--- START ---

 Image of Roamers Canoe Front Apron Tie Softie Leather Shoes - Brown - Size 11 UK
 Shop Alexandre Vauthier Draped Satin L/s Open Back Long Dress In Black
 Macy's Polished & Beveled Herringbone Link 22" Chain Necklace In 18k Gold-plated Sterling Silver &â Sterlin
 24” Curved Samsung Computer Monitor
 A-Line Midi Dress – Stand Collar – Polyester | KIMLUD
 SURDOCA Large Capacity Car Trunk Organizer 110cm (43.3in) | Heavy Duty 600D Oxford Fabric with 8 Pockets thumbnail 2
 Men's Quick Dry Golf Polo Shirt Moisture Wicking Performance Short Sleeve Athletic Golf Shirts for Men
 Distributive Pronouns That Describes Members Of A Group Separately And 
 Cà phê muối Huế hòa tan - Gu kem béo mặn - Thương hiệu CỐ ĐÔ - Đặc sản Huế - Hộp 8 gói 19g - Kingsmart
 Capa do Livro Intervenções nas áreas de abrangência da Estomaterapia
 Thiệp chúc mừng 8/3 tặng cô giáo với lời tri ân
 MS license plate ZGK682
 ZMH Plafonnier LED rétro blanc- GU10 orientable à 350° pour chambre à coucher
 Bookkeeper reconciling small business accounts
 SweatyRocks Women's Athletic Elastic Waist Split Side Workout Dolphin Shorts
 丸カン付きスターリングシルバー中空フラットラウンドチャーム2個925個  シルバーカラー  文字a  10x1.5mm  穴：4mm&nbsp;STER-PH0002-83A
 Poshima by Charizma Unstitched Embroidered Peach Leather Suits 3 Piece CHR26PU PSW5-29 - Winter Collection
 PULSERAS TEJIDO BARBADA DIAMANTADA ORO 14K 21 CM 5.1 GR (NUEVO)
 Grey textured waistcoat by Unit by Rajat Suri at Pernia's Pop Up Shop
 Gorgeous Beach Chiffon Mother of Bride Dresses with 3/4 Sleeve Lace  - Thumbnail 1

--- END ---

**WORK TASK**.
Your answer should be the lines from the one containing "PULSERAS TEJIDO BARBADA" through the last line of the records, repeated exactly and with nothing added.

**THE ANSWER**.
 PULSERAS TEJIDO BARBADA DIAMANTADA ORO 14K 21 CM 5.1 GR (NUEVO)
 Grey textured waistcoat by Unit by Rajat Suri at Pernia's Pop Up Shop
 Gorgeous Beach Chiffon Mother of Bride Dresses with 3/4 Sleeve Lace  - Thumbnail 1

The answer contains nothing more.